Splunk and the Squeaky Dolphin: when Big Data goes rogue
The oddly named firm’s products analyse “Big Data”. As it claims on its website: “by monitoring and analysing everything from customer clickstreams and transactions to network activity and call records—and more—Splunk turns machine data into valuable insights no matter what business you’re in.” Even if that business is snooping.
It should come as no surprise, then, that it’s found a place in the biggest Big Data haul: GCHQ apparently uses its data-sentiment analysis software to figure out what people are thinking online. (Indeed, Splunk advertises on its site that the US Department of Defense and Homeland Security use its products, so it really should come as no surprise.)
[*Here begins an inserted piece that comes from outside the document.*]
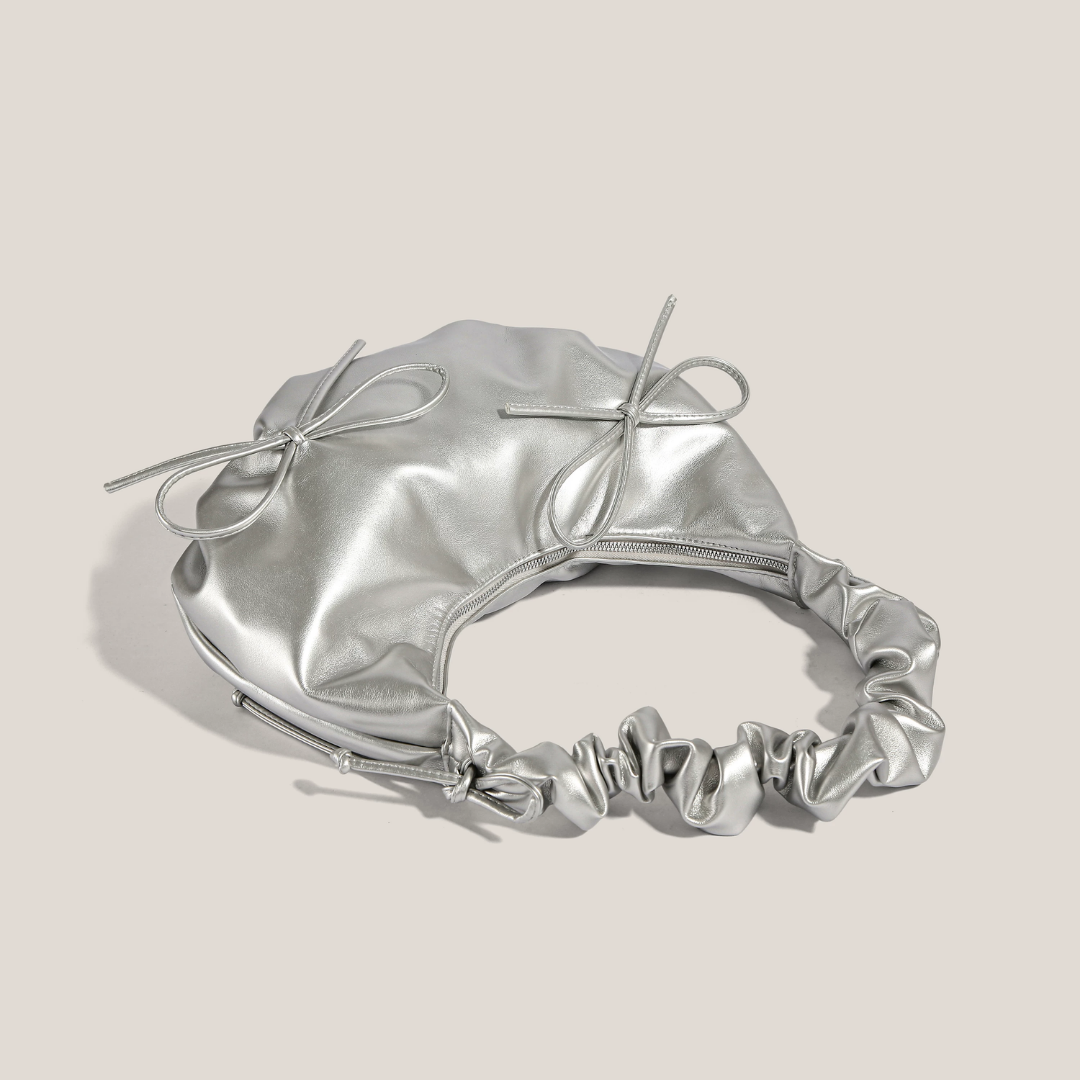 Bolso de mano fruncido Emerenziana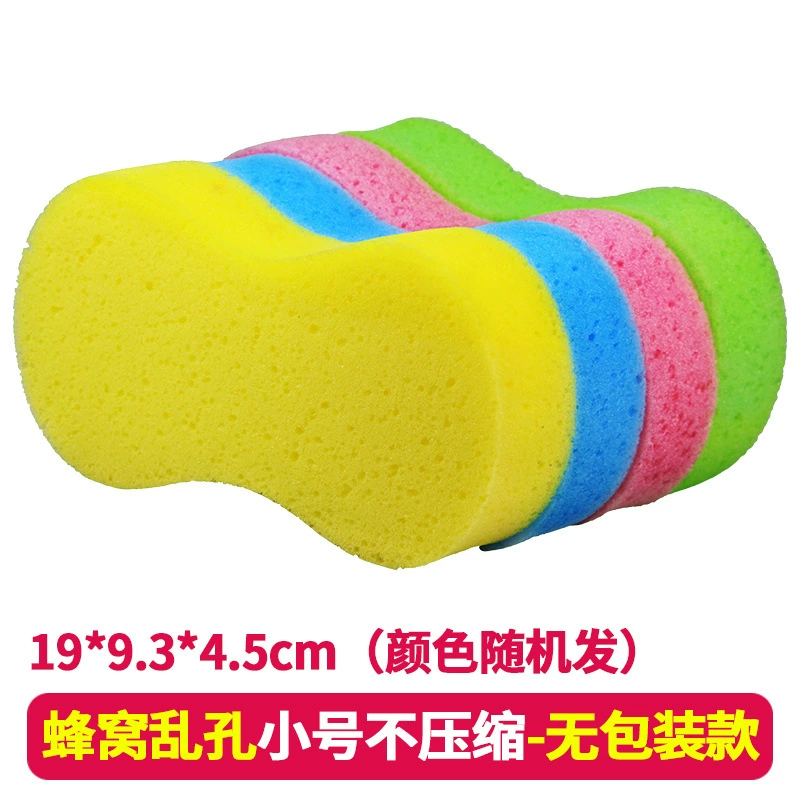 Большой губчатый гигиеничный восковый Bath Sponge для автомобиля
According to one of the Snowden leaks of the day — you can read more about the other snooping revelation here — GCHQ has been scooping up online data, such as YouTube views and Facebook Likes, and using Splunk to analyse that Big Data to try to predict trouble.
The programme, which honestly is called “Squeaky Dolphin”, collects online activity in real-time, according to an NBC News report, going so far as tapping fibre cables to uncover what we’re doing on YouTube, Facebook and Blogspot. Though individuals’ data can be extracted, Squeaky Dolphin is “not interested in individuals, just broad trends”, according to one of the leaked slides. (Although, this being the GCHQ, take that claim with a grain of salt.) It’s looking for Big Data, not Small Bits of Data.
It’s not much of an advertisement for Big Data that the GCHQ’s examples come off as rather silly — and it’s worth noting the slides in question were taken from a presentation to the NSA, so this would have been GCHQ’s attempt to impress its peers on its accomplishments, and likely would have included the best examples possible.
So what insights has this amazing data-analysis tool revealed? How different browsers reflect different types of user. Apparently, Internet Explorer users show the least “openness to experience” and the most “agreeableness”, while Firefox users are a shade more likely to show “neuroticism”.
It’s unclear where the information is from, and if indeed it’s from it’s own Splunk-based analysis, but GCHQ has decided that it’s important. Certainly I feel a lot more confident about the war against terror.
Much of the work is more serious, and in part to make up for GCHQ’s failure to spot online the growing tensions in the Middle East ahead of the Arab Spring in 2011. It notes on one slide that it picked up web activity ahead of rallies in Syria and Bahrain the day before they took place.
Scanning Twitter, public-facing Facebook pages and YouTube for certain keywords to see where the next flashpoint is going to be isn’t a stupid idea — but it’s surely possible to do that with public information. Tapping fibre cables and Google’s systems in order to develop questionable “sentiment” intelligence is yet another step too far, not least given the apparent results.
Indeed, it’s easy to question whether its even possible to analyse so much data — a real-time feed of Facebook, YouTube, Blogger and more is going to be rather busy — and get a meaningful result, though Splunk’s marketing department would likely disagree.
We asked the company for comment, with Sherry Lowe, vice president and corporate spokesperson, saying: “Splunk takes privacy very seriously. As with any software used by thousands of organisations around the world, we typically do not have visibility into how individual customers may use our products.”
Well, now Splunk knows how one of its customers uses its products, as do the rest of us — and it’s not a great ad for Big Data.